BestJS2018-11-05 05:25:06

Neural networks

BestJS, 2018-11-05 05:25:06

Now I use a ready-made neural network from the developer.
The data for the neural network is stored in a json file, in principle, like all neural networks that I have met.
Already they weigh about 2 gigs ... And they will constantly increase in size.
What if I have several terabytes of data???
It would be foolish to keep such a volume in a file.

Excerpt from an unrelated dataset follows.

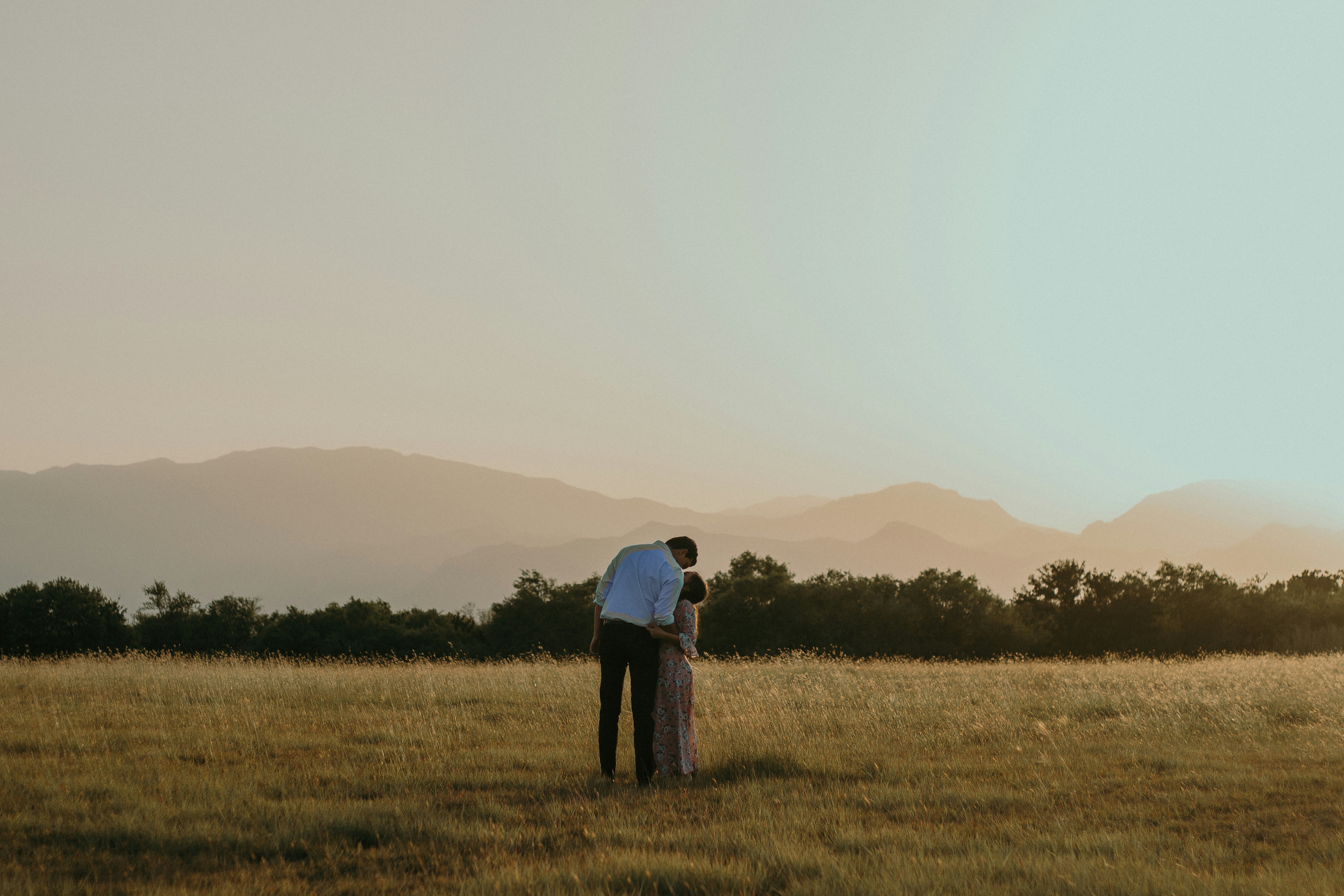 man and woman kissing in middle of plaid field during daytime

Well, the RAM is not enough.
The first thing that comes to mind is to use a database. But here the question immediately arises: how to make or make the neural network work with the database...? What DB to use?
Please tell me your thoughts on this issue, what to study, what to watch.

Reply

Answer the question

In order to leave comments, you need to log in

1 answer(s)

D

dmshar, 2018-11-05
@BestJS

1. The difference in volume between 2 GB and "several terabytes" is very big. Are you sure that terabyte volumes will be achieved in the foreseeable future?
2. In the NTFS file system, the theoretical file size can be up to 32 exabytes. Practically - a little less, but I think you should have enough.
3. Stupid or not stupid to keep in a file does not depend on the amount of information, but on what you want to do with it. If you just store it in the right format and then feed it to your neuron, then switching to any database will not give you anything, except slowing down work and INCREASING resource consumption.
4. If you go to the database, then you have two paths. Or, before loading into the neuron, reformat your data - perhaps not all at once, but in parts - into a format perceived by the neuron. Or write your own code for working with the database, and implement it in the library used (fortunately, many neurons have it in the form of Open Source). The options do not differ much from each other in complexity.
5. "There is not enough RAM" - this is if you use the "in memory" class algorithm. It is necessary to look for (or write a neuron) that does not have this drawback. Such questions can be Googled for the keyword "Streaming algorithm".
5. If you really suddenly jump into the Big Data area with the need to work in streaming mode (while you are clearly not there), then you will have to look into the Hadoop and Spark area.